Premieres tonight at 8 p.m. ET on the CW
That *beep*, *beep*, *beep* sound you’re hearing is the dumptruck full of money backing into Sam Raimi’s driveway. Raimi is the most prominent of a host of producers on the CW’s new reality show 13: Fear Is Real, and I’m guessing the amount of time he’s spent laboring over it is roughly equal to the time I’m going to spend writing this review. Anyone pining for the Evil Dead 2 of reality television—if such a thing is even conceivable—will have their hopes dashed quickly and repeatedly throughout this labored hour of cheesy atmospherics and sub-Survivor scheming.

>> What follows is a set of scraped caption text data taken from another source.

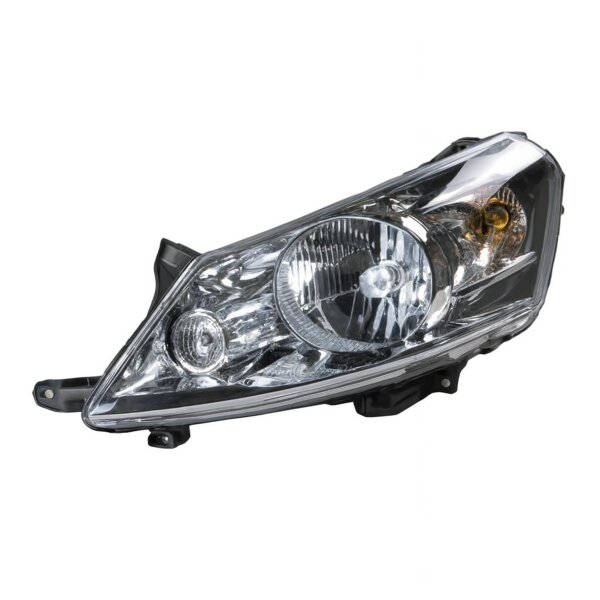 Headlight right W5W halogen electric VALEO suitable for...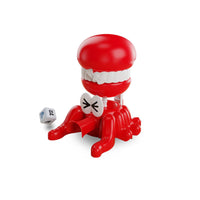Interactive Tooth Chomping Toy Game Parent-Child Play Mouth Biting Game Funny Family Friendly for Families, Kids, Party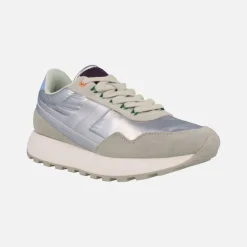 Zapatillas deportivas metalizadas Gioseppo Praeste
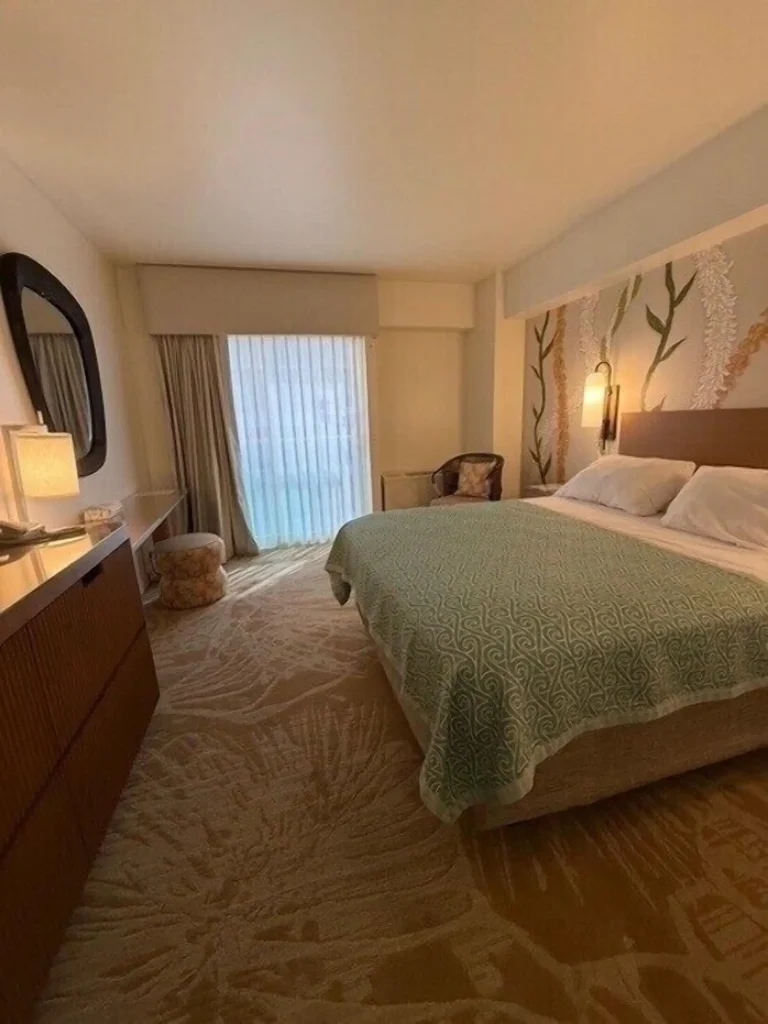 A photo of Ala Moana Hotel by LSI Resorts showing the property and rooms.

Borrowing shamelessly from The Blair Witch Project and the Saw movies, the show dumps 13 “guests” into a dilapidated cabin in the middle of the Louisiana bayou. (The accommodations are supposed to be the furthest thing from the lavishly appointed digs on the network’s America’s Next Top Model, though it’s a toss-up on which décor is scarier: The shack with the dried blood and cobwebs on the walls or the house plastered with blown-up Tyra Banks cover photos.) Each week, a guest will be “killed off” until the last one standing takes home a terrifying prize: $66,666. (The final figure will no doubt seem less devilish once taxes are deducted.) Their nemesis is a sinister Jigsaw-esque puppetmaster who goes by the name “Mastermind,” and communicates via microcassette messages, hidden amplifiers, and cryptic notes composed of clip-out lettering. Mastermind and his minions present them with various challenges designed to prey on their biggest fears, and the losers of these challenges are forced to go head-to-head in the “execution ceremony.”
The first night has all but one of them pairing off into teams. (The one who agrees to stay back at the cabin, a mohawked horror nut named Cody, is given a pass for his bravery.) Half of them are blindfolded, strapped to chairs, and hidden in the woods; the other half are tasked to find their partners, free them, and bring them back to the road. The last-place finishers are pitted against each other in the execution ceremony, where one of them will go home. A lot of Blair Witch first-person flashlight action ensues, though no one seems frightened so much as mildly inconvenienced.